Go to the line holding "Purely Home Blooming" in the data below. Return it and each line after it through the last, exactly, and skip the pictures.

| Information shown |
::::::::
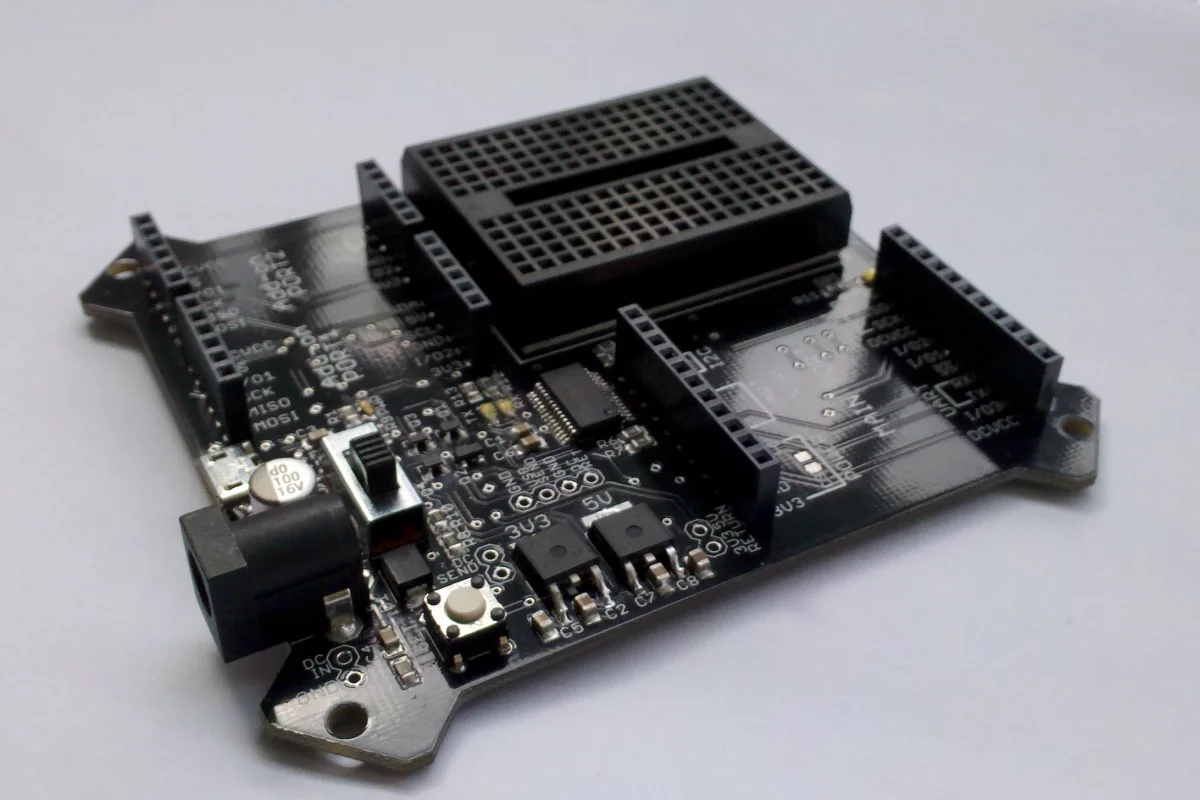 The BoardX motherboard includes a main port, two add-on ports, USB & DC power inputs and a USB to UART driver.
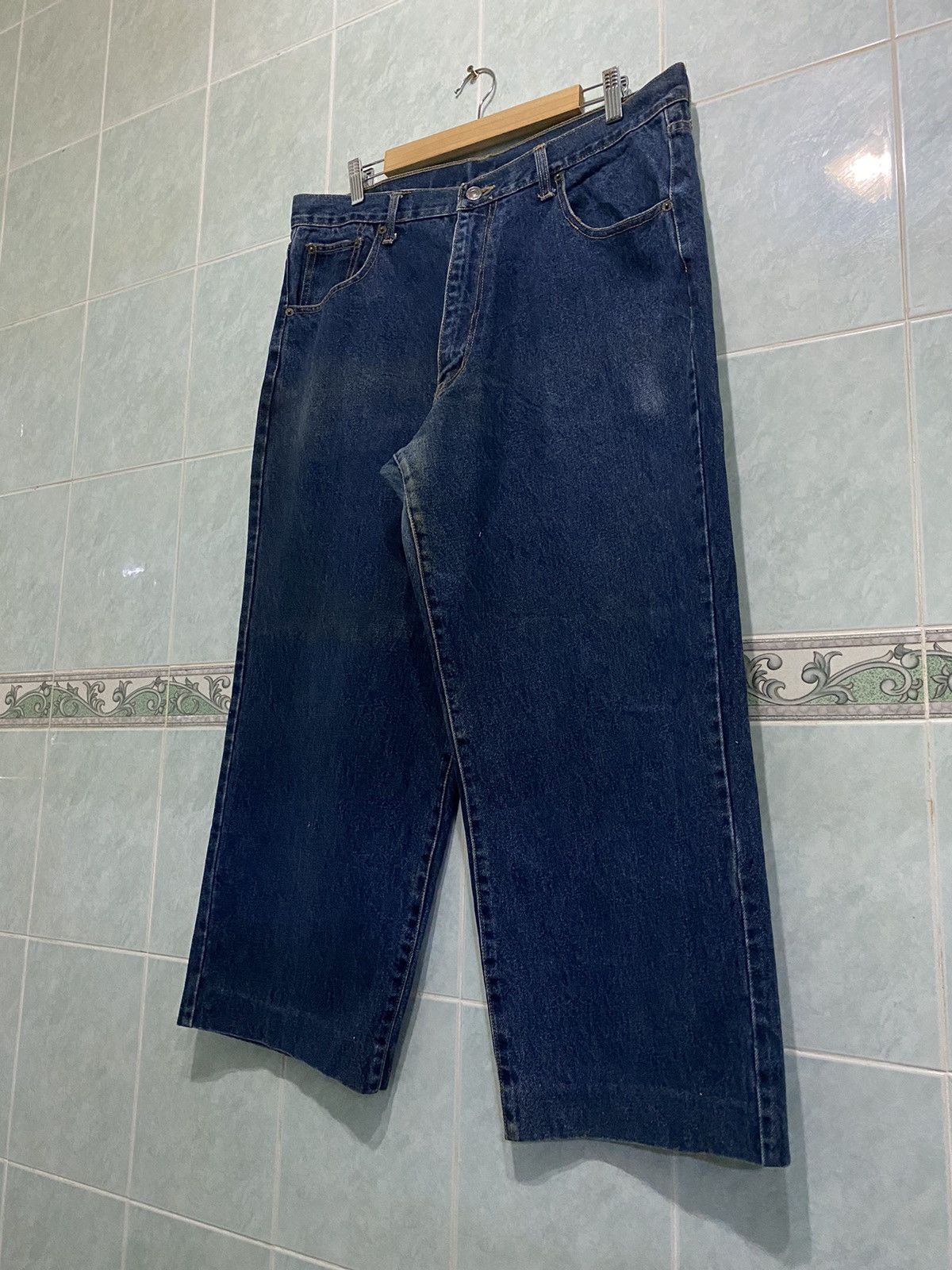 Japanese Brand Machope Blue Denim Baggy Jeans 36x33 Size US 36 / EU 52 - 5 Thumbnail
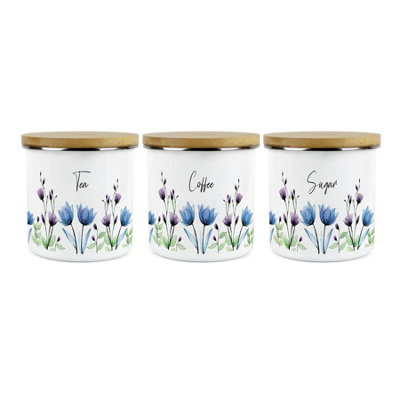 Purely Home Blooming Lovely Flowers TeaCoffee & Sugar Canisters Set Of 3Purple Floral Homewares Gifts1.2L Enamel Storage Containers from B&Q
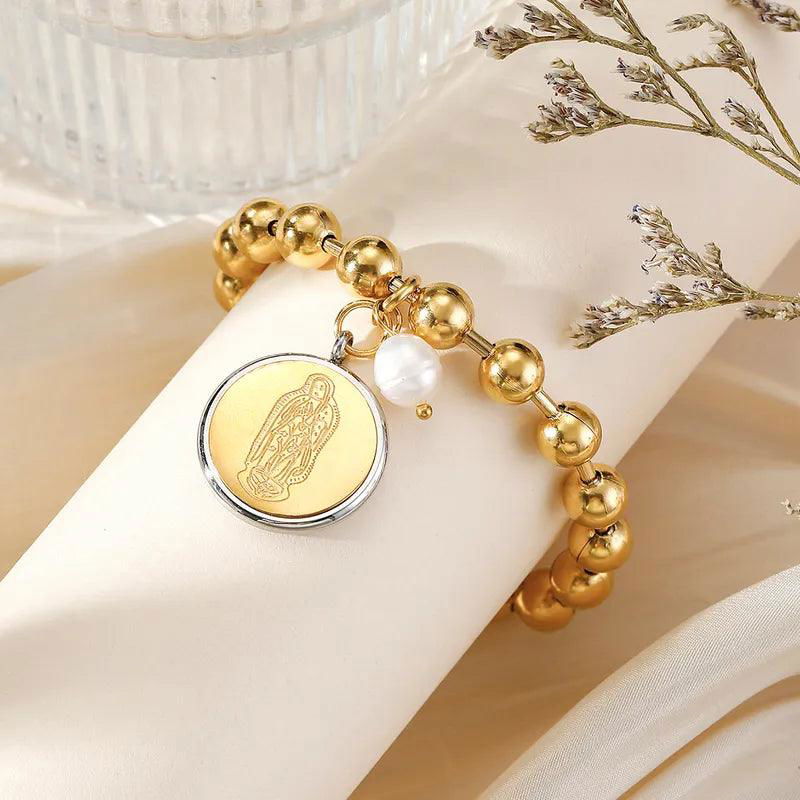 304 Stainless Steel 24K Gold Plated Sweet Classic Style Beaded Inlay Flower Pearl Bracelets - Jewelry Trends USA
::::::::
| Response to this task |
 Purely Home Blooming Lovely Flowers TeaCoffee & Sugar Canisters Set Of 3Purple Floral Homewares Gifts1.2L Enamel Storage Containers from B&Q
 304 Stainless Steel 24K Gold Plated Sweet Classic Style Beaded Inlay Flower Pearl Bracelets - Jewelry Trends USA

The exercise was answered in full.